Table 2 NHS Outcomes Framework 2014–15

Domain

Overarching indicators and improvement areas

2 Enhancing quality of life for people with long‑term conditions

Overarching indicator

2 Enhancing quality of life for people with long‑term conditions

Improvement areas

Ensuring people feel supported to manage their condition

2.1 Proportion of people feeling supported to manage their condition

Improving functional ability in people with long-term conditions

2.2 Employment of people with long-term conditions (ASCOF 1E, PHOF 1.8)

Enhancing quality of life for carers

2.4 Health related quality of life for carers** (ASCOF 1D)
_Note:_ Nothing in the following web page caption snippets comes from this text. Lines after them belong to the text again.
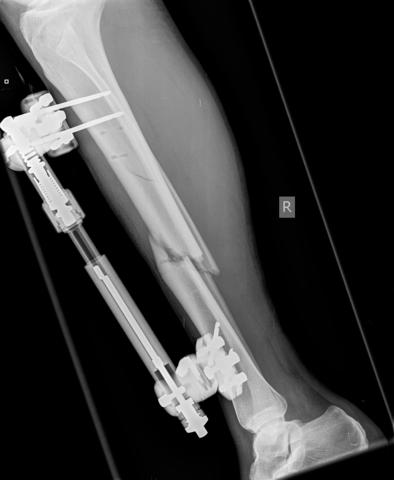 Dad shattered knee & sold bikes.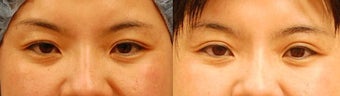 Asian Eyelid Surgery before 489331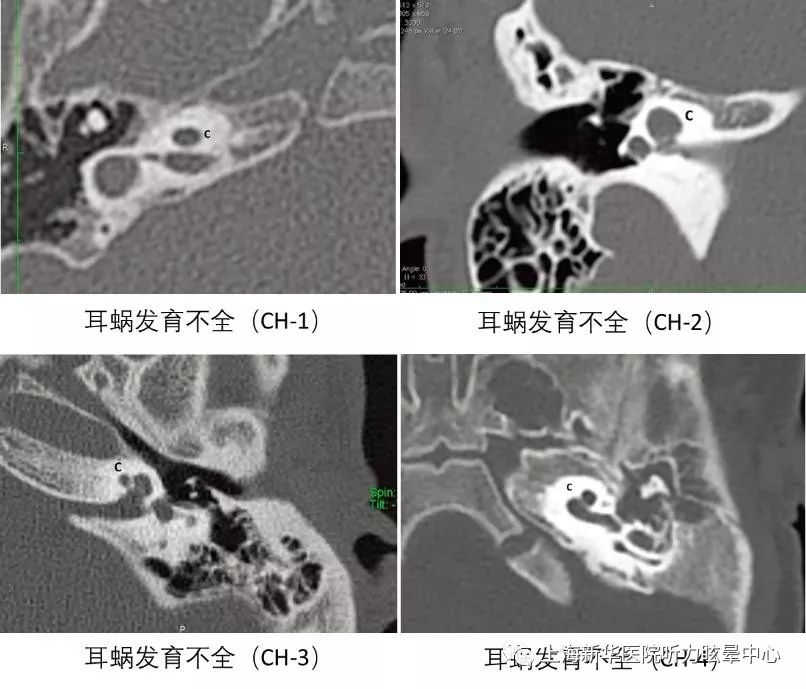 耳蜗与前庭之间分隔正常,但比正常耳蜗小(图3.耳蜗发育不全(ch)5图2.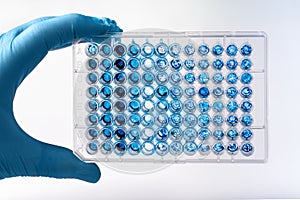 Researcher holding microplate for biomedical research photo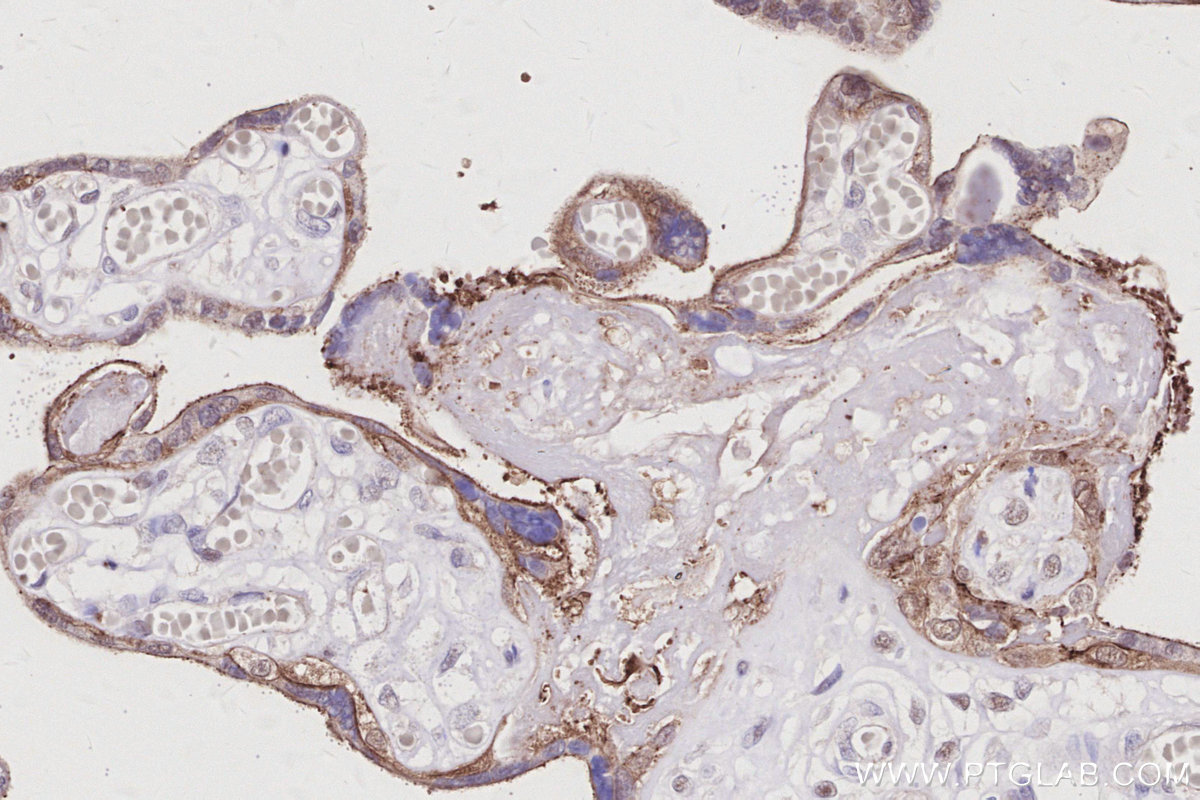 IHC staining of human placenta using 83111-4-RR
4 Ensuring that people have a positive experience of care

Overarching indicator

4. Ensuring people have a positive experience of care.

Improvement areas

4.7 Patient experience of community mental health services

4.9 People's experience of integrated care** (ASCOF 3E)

Alignment across the health and social care system

* Indicator complementary with the Public Health Outcomes Framework (PHOF)
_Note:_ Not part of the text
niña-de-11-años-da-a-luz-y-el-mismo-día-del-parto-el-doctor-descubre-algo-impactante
** Indicator complementary with Adult Social Care Outcomes Framework (ASCOF)

*** Indicator shared with Adult Social Care Outcomes Framework

Coordinated services

The quality standard for autism specifies that services should be commissioned from and coordinated across all relevant agencies encompassing the whole autism care pathway. A person-centred, integrated approach to providing services is fundamental to delivering high-quality care to people with autism and their families and carers.

The Health and Social Care Act 2012 sets out a clear expectation that the care system should consider NICE quality standards in planning and delivering services, as part of a general duty to secure continuous improvement in quality. Commissioners and providers of health and social care should refer to the library of NICE quality standards when designing high-quality services. Other quality standards that should also be considered when choosing, commissioning or providing a high-quality autism service are listed in Related quality standards.

Training and competencies

The quality standard should be read in the context of available national and local guidelines on training and competencies. All health and social care practitioners involved in working with, assessing, caring for and treating people with autism should have sufficient and appropriate training and competencies to deliver the actions and interventions described in the quality standard. The specialist committee members who contributed to the development of this quality standard emphasised the importance of people with autism being involved in the delivery of training to health, social care and education practitioners.

Role of families and carers

Quality standards recognise the important role families and carers have in supporting people with autism. If appropriate, health and social care practitioners should ensure that family members and carers are involved in the decision-making process about investigations, treatment and care.